Print only the lines below, from the very first to the one containing "EWM Mens Blue", exactly as they stand. Do not print pictures.
+++
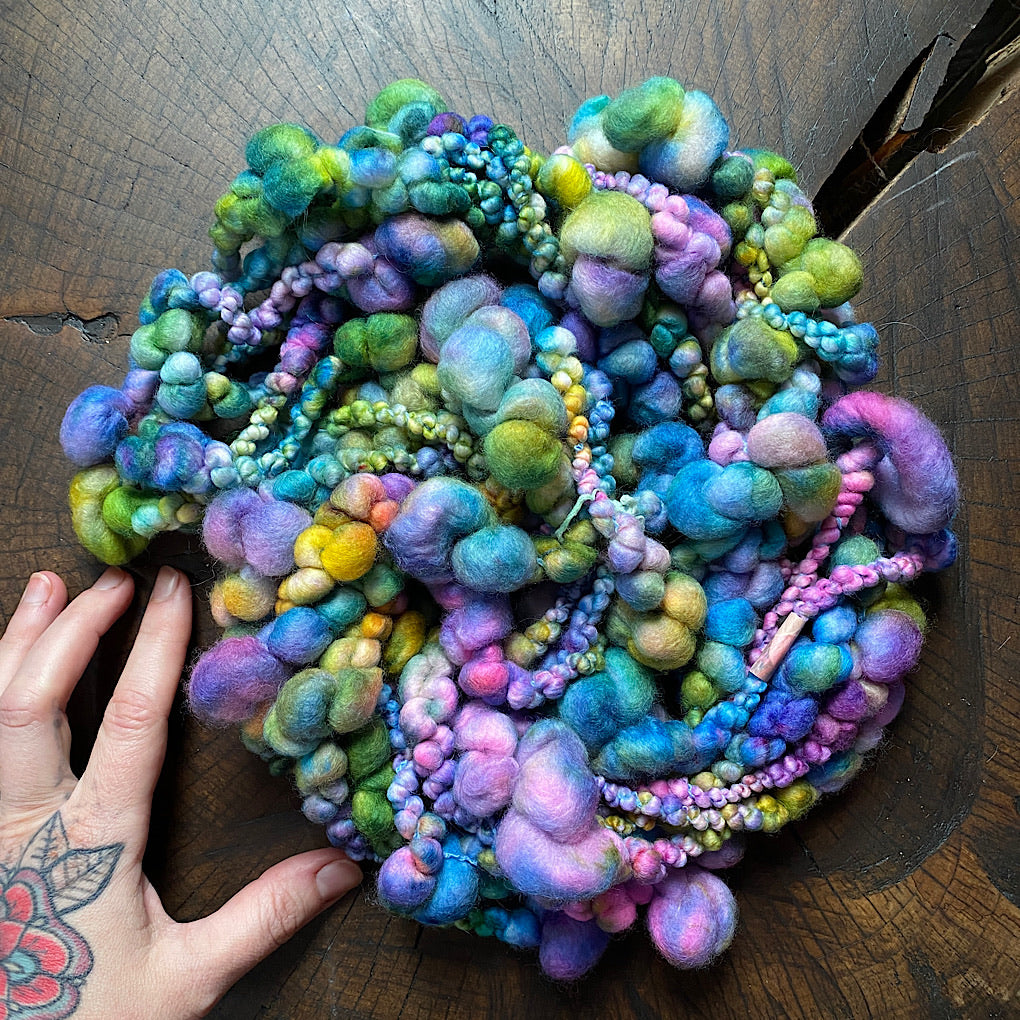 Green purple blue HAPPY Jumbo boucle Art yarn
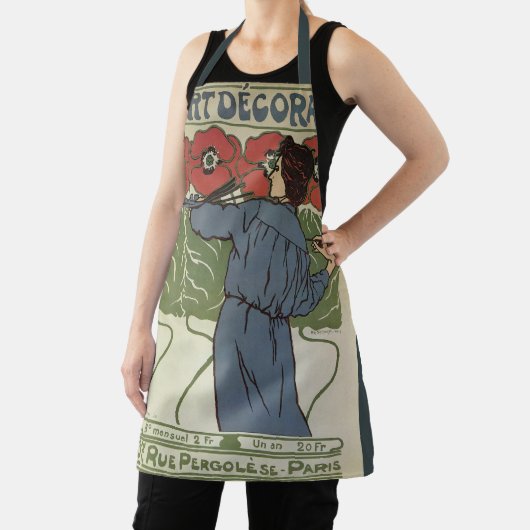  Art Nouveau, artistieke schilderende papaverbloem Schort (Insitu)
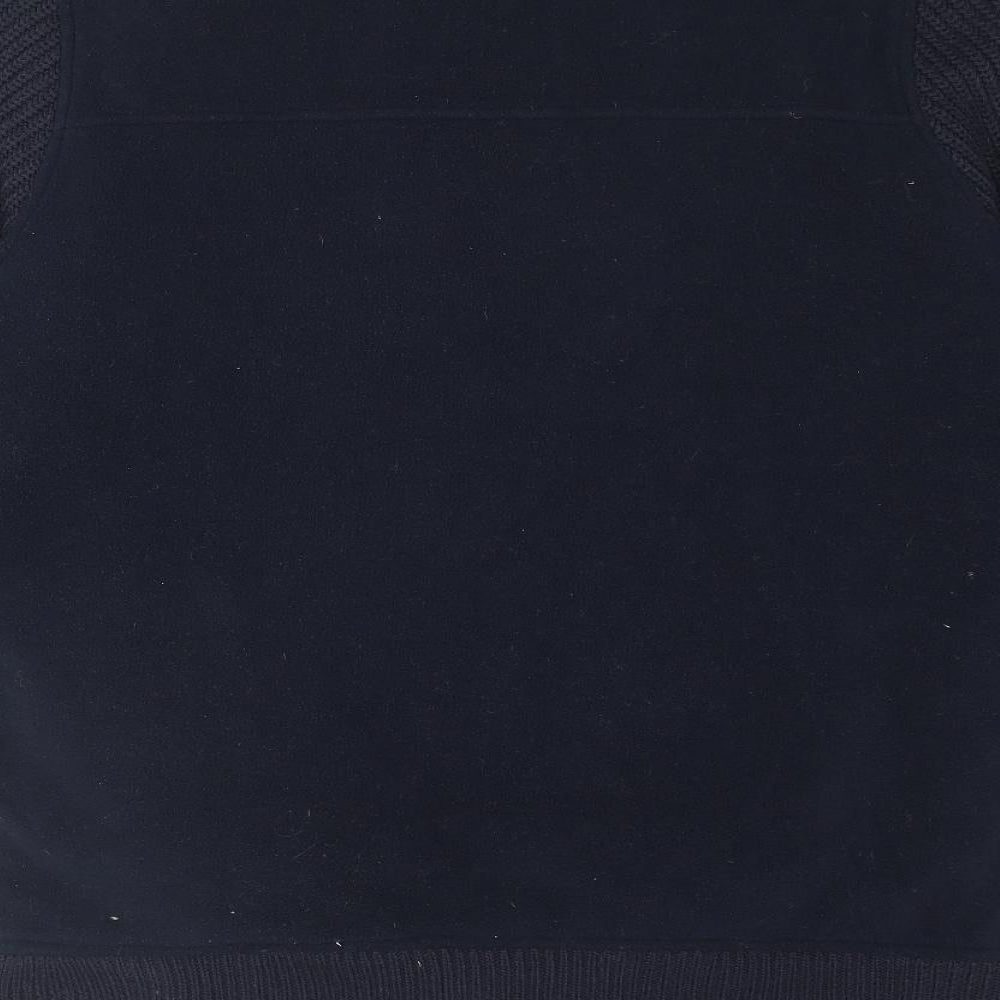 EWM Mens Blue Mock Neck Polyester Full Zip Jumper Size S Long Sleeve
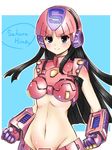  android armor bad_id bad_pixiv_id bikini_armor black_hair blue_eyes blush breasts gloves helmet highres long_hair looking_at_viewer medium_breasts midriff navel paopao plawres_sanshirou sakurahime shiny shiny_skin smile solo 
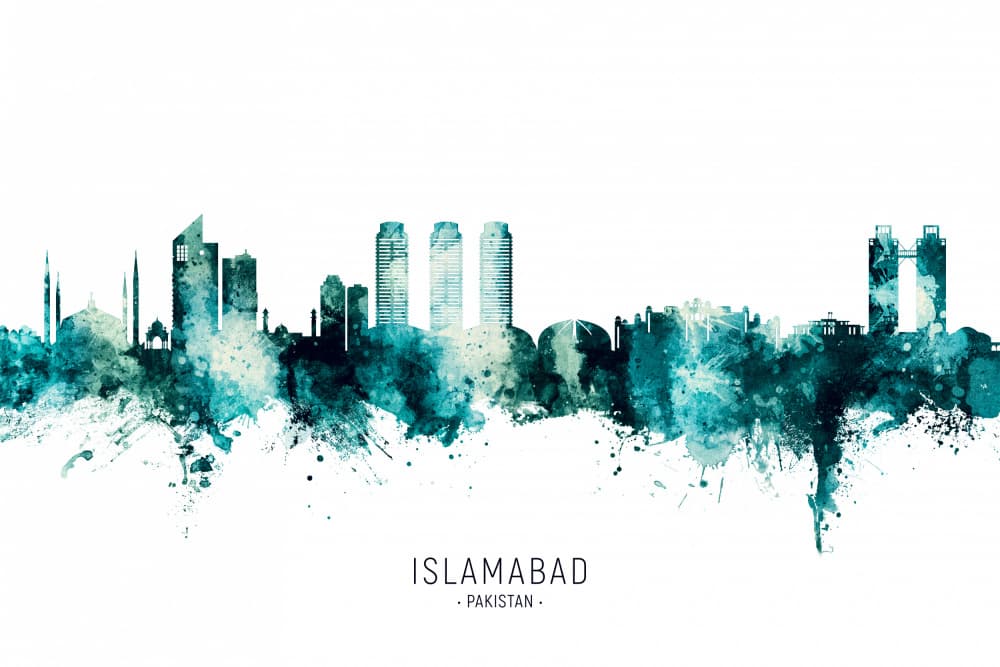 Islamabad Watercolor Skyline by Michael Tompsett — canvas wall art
+++
▸ RESULT FOR THIS EXERCISE:
 Green purple blue HAPPY Jumbo boucle Art yarn
  Art Nouveau, artistieke schilderende papaverbloem Schort (Insitu)
 EWM Mens Blue Mock Neck Polyester Full Zip Jumper Size S Long Sleeve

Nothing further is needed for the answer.